Asked what her clothes said about her, the first lady, who is 24 years older than her husband, replied: “If I believe what I hear, women of my age are very happy that I dress this way. I don’t know why but this appearance gives the impression of a free woman. It is an image I give off without meaning to.”
She paid tribute to Mr Ghesquière for raising her profile, saying: “Nicolas has built for me a kind of fashion lexicon without saying it, without formulating it, without intellectualising it. With him and his teams, it’s so fluid! The clothes help me to slip into the role.”
Mrs Macron was unapologetic about her penchant for mini-dresses. She notably wore one at a Nato summit for spouses in 2018.

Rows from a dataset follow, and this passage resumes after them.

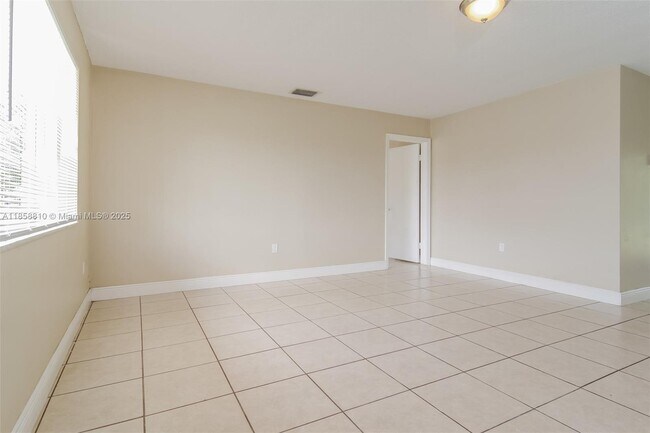 Foto del edificio - 2921 N 74th Way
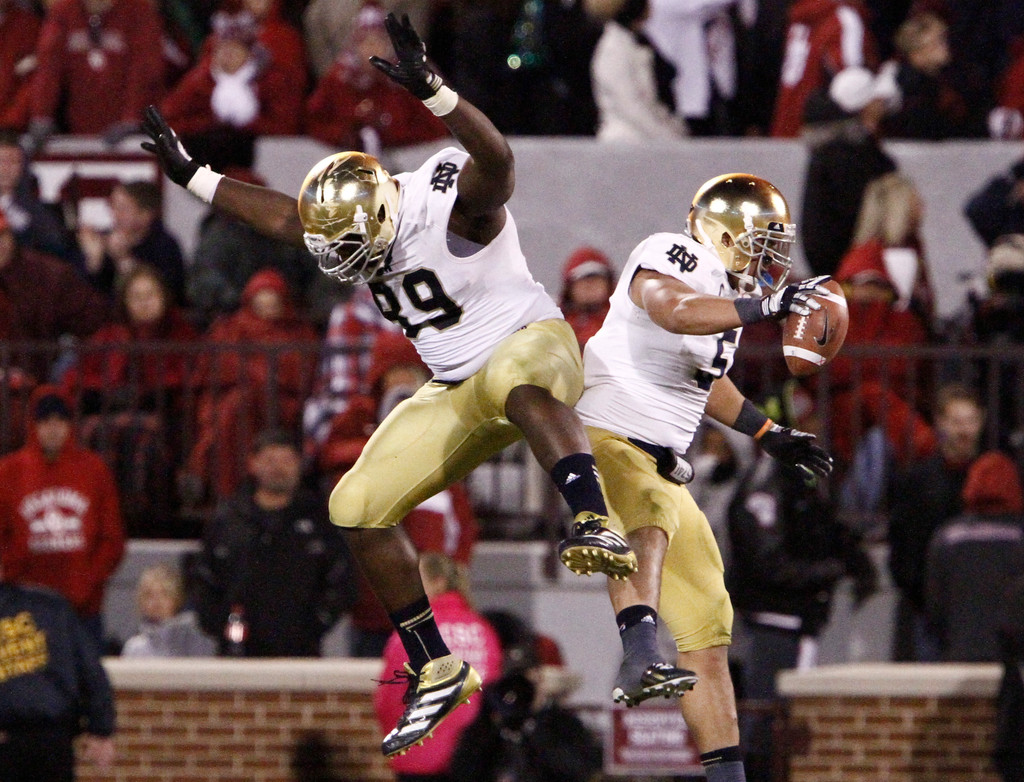 No. 5 Irish Defeat No. 8 Oklahoma, 30-13, to Stay Perfect (AP)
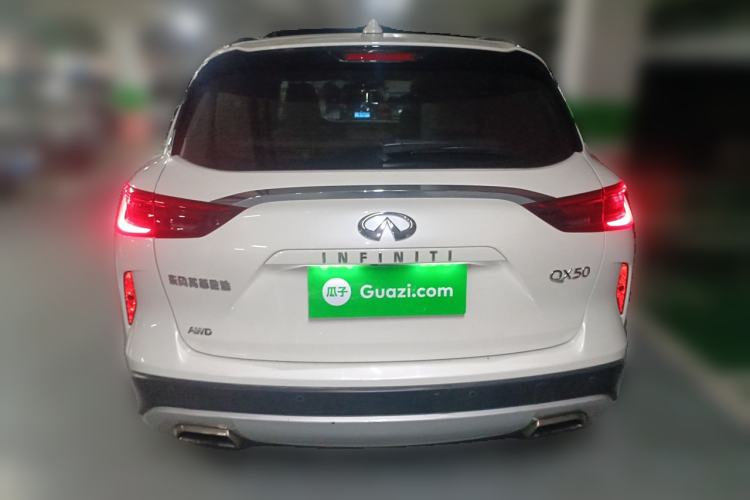 Used Infiniti QX50 2018 2.0T Four-Wheel Drive Luxury Edition Rear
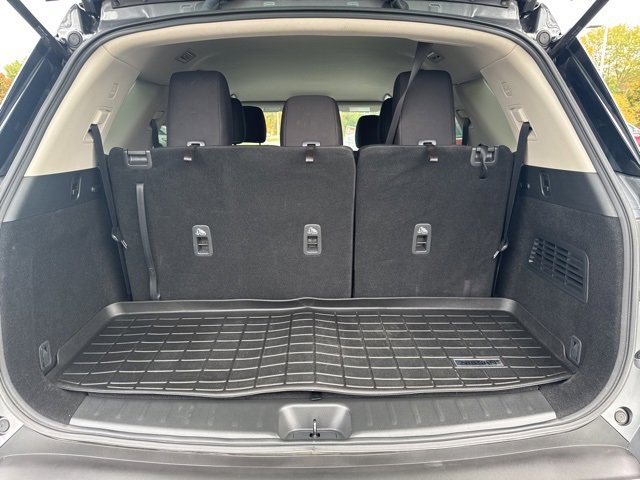 Used 2023 Nissan Pathfinder S image 25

“Nicolas has tried to initiate me in oversized [clothes] or destructured or asymmetric [styles] but I have resisted … I also have trouble with lengths beneath the knee. Me, it’s resolutely above. A dress is either short or it’s [too] long.”
“I have never considered that high heels were a symbol of the alienation of women. I wear them because I don’t feel right in flat heels … I need an arch, which is not such a bad thing. That way the gait is more controlled, which is welcome in some circumstances.”
Mrs Macron said she had always been careful about what she wore but that she had gone into another league in the style stakes thanks to Mr Ghesquière.
He said he had been “immediately charmed by her”, gushing that “light emanated” from the first lady.